### TASK TO COMPLETE
Output what the records say, word for word, with no images.

### DATA LISTING
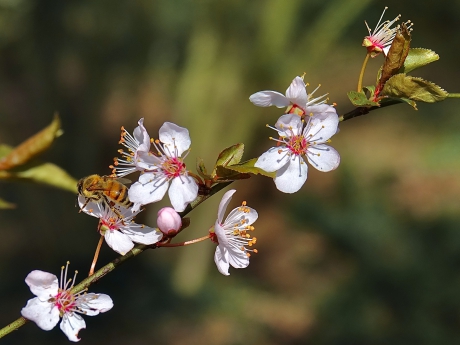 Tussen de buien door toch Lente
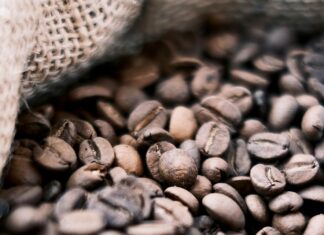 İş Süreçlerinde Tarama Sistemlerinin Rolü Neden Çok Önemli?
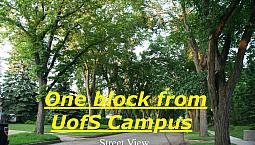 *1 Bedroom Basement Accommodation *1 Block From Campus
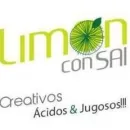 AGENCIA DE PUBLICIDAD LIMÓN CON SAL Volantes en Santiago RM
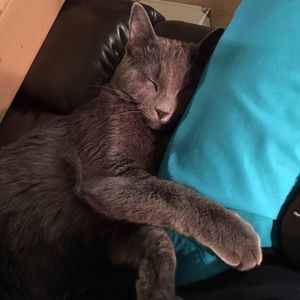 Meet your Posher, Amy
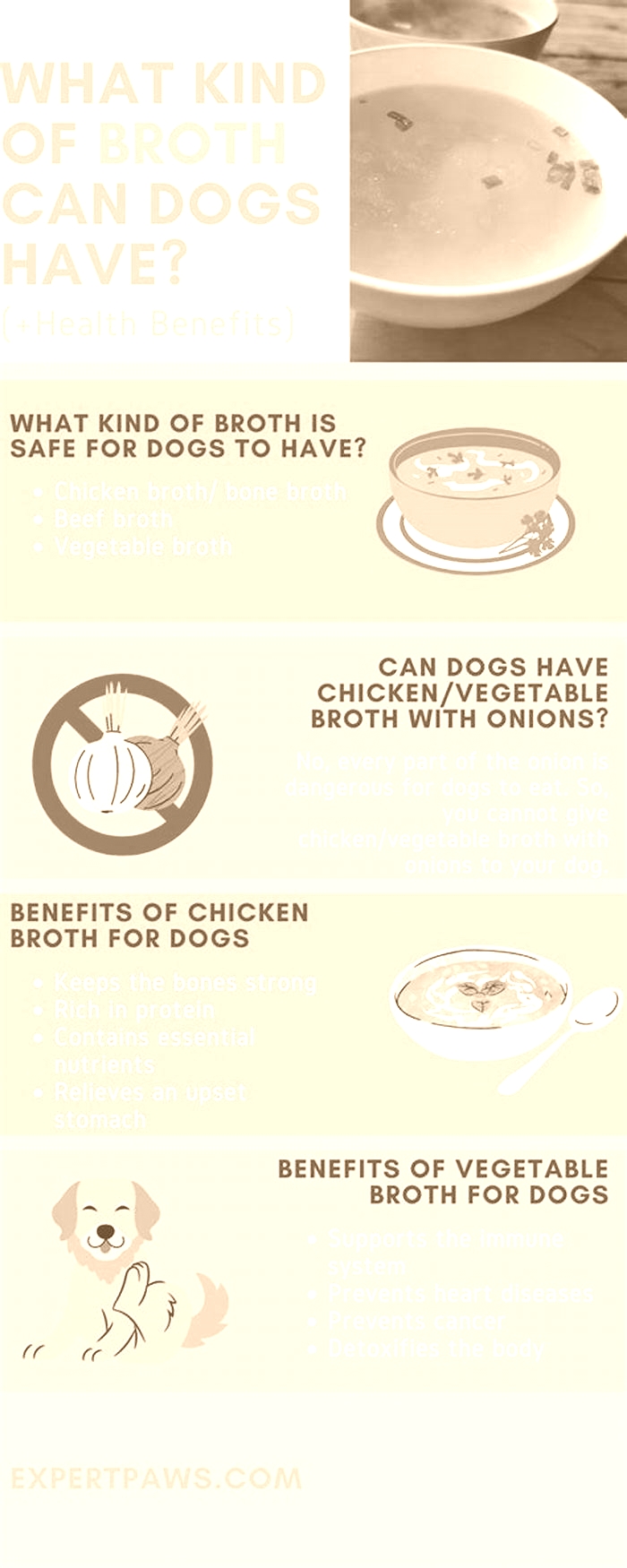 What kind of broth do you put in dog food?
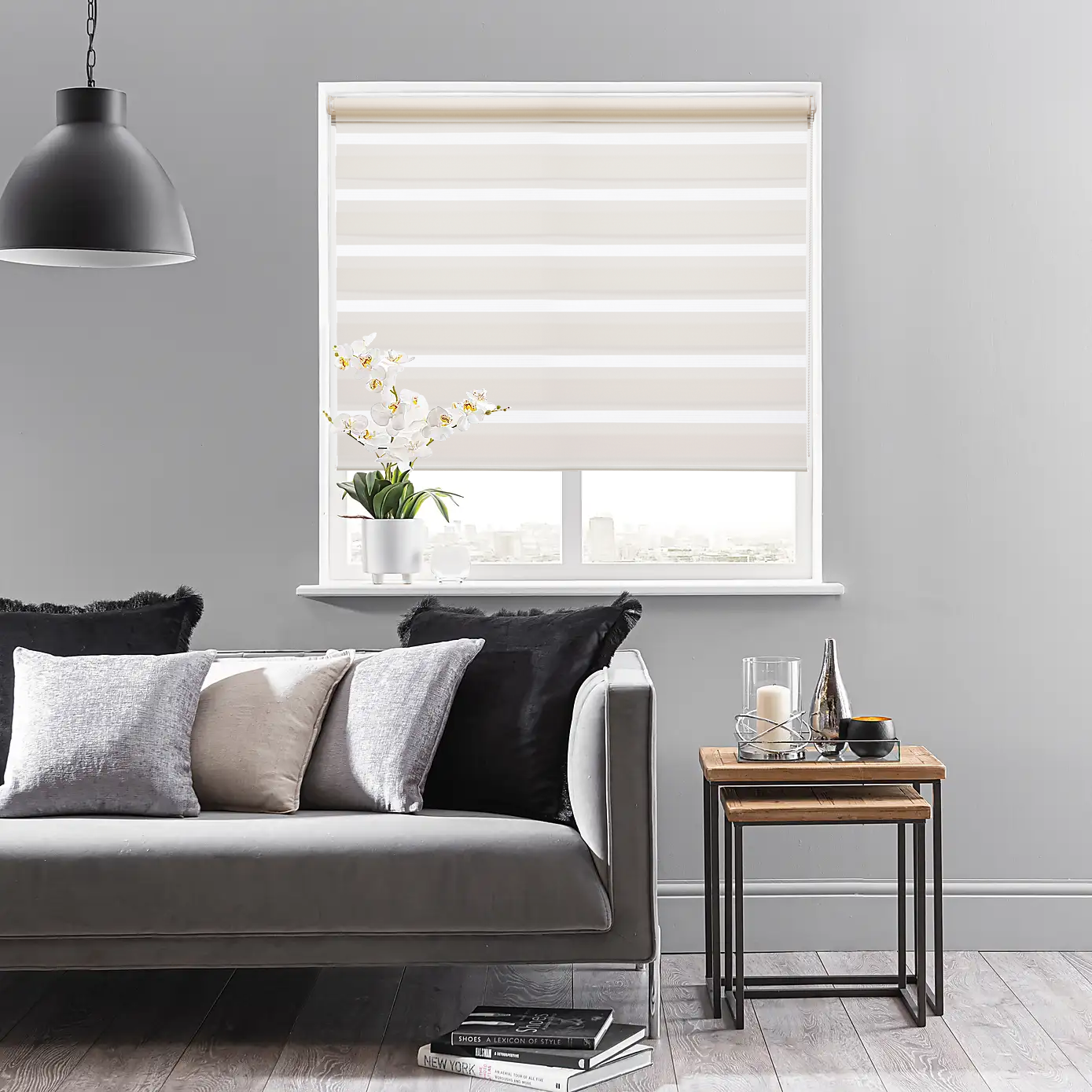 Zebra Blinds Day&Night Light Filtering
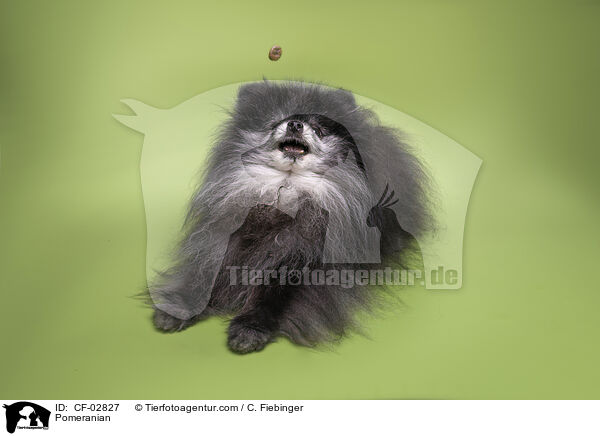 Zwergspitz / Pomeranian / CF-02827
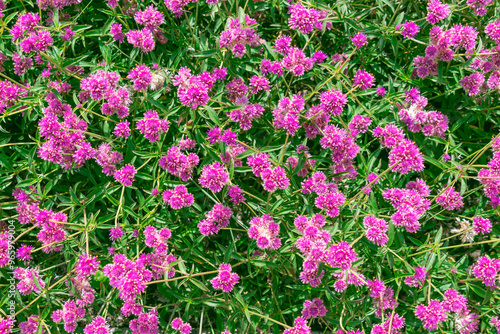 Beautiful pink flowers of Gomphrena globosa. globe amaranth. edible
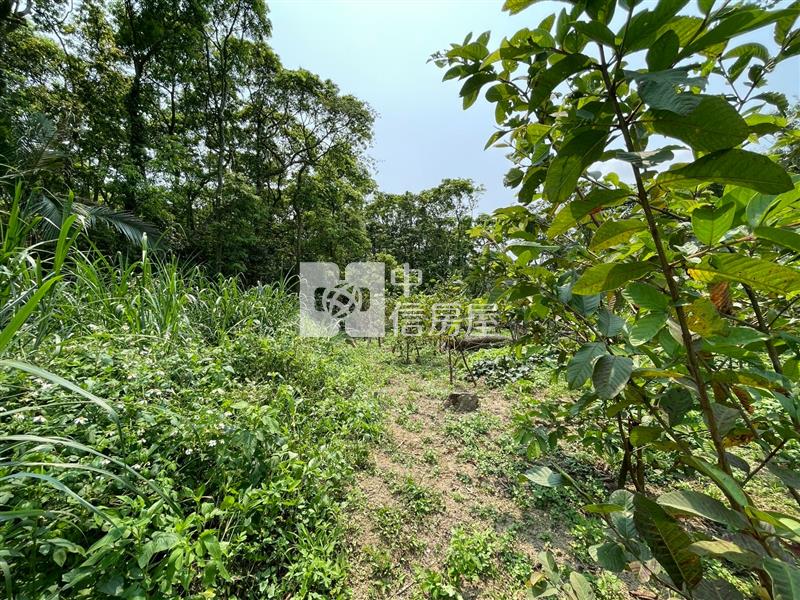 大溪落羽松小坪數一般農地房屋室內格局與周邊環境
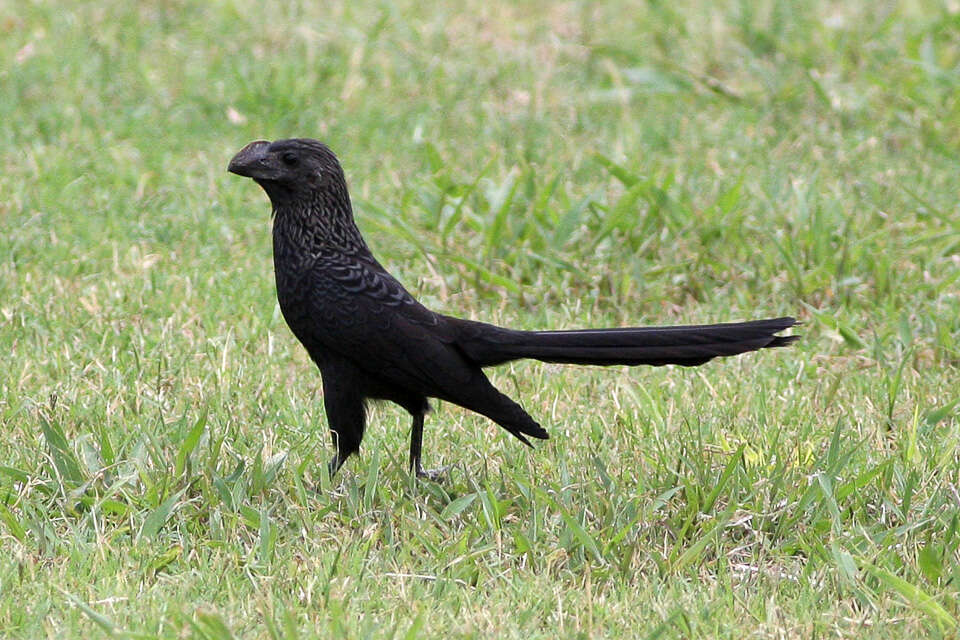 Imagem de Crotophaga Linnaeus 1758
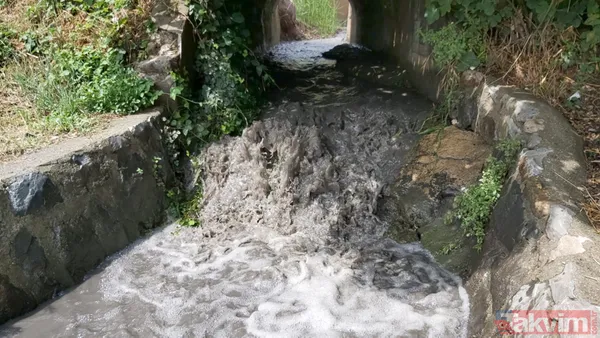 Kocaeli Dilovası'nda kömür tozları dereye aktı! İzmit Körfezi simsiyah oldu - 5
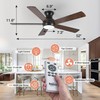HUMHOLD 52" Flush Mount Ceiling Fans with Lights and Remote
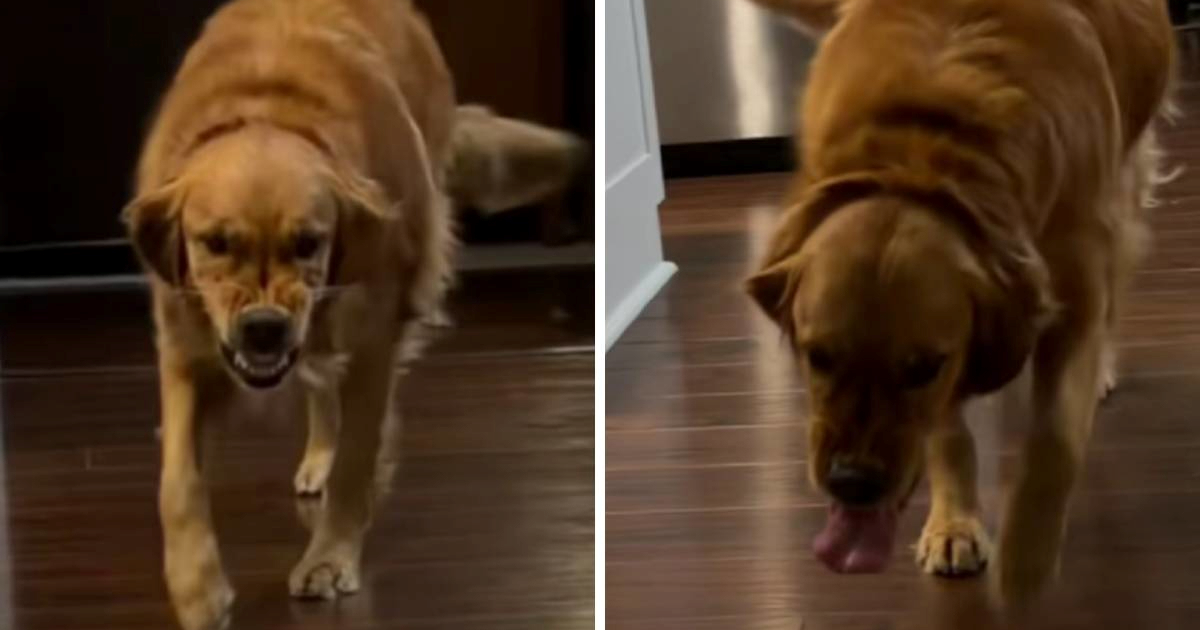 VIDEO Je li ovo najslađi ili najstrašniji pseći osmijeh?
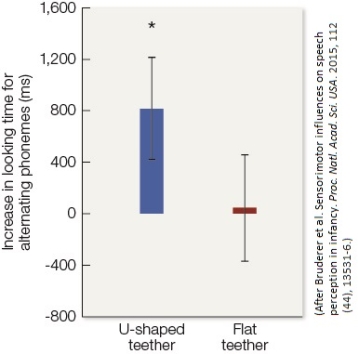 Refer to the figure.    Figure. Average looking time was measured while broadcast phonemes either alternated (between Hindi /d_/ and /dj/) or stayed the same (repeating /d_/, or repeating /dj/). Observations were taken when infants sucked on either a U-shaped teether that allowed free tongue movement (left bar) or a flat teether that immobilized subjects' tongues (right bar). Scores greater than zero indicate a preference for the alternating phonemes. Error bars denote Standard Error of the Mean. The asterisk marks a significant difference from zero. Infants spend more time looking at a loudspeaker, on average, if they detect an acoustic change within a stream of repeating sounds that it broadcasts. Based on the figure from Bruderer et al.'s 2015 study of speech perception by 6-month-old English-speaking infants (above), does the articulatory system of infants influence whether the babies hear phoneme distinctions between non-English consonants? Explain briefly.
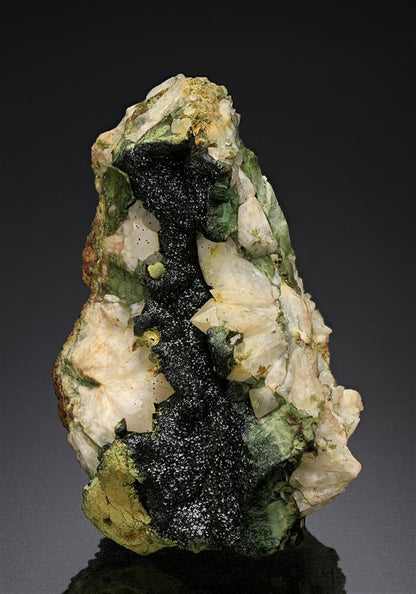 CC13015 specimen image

### WRITTEN RESPONSE
 Tussen de buien door toch Lente
 İş Süreçlerinde Tarama Sistemlerinin Rolü Neden Çok Önemli?
 *1 Bedroom Basement Accommodation *1 Block From Campus
 AGENCIA DE PUBLICIDAD LIMÓN CON SAL Volantes en Santiago RM
 Meet your Posher, Amy
 What kind of broth do you put in dog food?
 Zebra Blinds Day&Night Light Filtering
 Zwergspitz / Pomeranian / CF-02827
 Beautiful pink flowers of Gomphrena globosa. globe amaranth. edible
 大溪落羽松小坪數一般農地房屋室內格局與周邊環境
 Imagem de Crotophaga Linnaeus 1758
 Kocaeli Dilovası'nda kömür tozları dereye aktı! İzmit Körfezi simsiyah oldu - 5
HUMHOLD 52" Flush Mount Ceiling Fans with Lights and Remote
 VIDEO Je li ovo najslađi ili najstrašniji pseći osmijeh?
 Refer to the figure.    Figure. Average looking time was measured while broadcast phonemes either alternated (between Hindi /d_/ and /dj/) or stayed the same (repeating /d_/, or repeating /dj/). Observations were taken when infants sucked on either a U-shaped teether that allowed free tongue movement (left bar) or a flat teether that immobilized subjects' tongues (right bar). Scores greater than zero indicate a preference for the alternating phonemes. Error bars denote Standard Error of the Mean. The asterisk marks a significant difference from zero. Infants spend more time looking at a loudspeaker, on average, if they detect an acoustic change within a stream of repeating sounds that it broadcasts. Based on the figure from Bruderer et al.'s 2015 study of speech perception by 6-month-old English-speaking infants (above), does the articulatory system of infants influence whether the babies hear phoneme distinctions between non-English consonants? Explain briefly.
 CC13015 specimen image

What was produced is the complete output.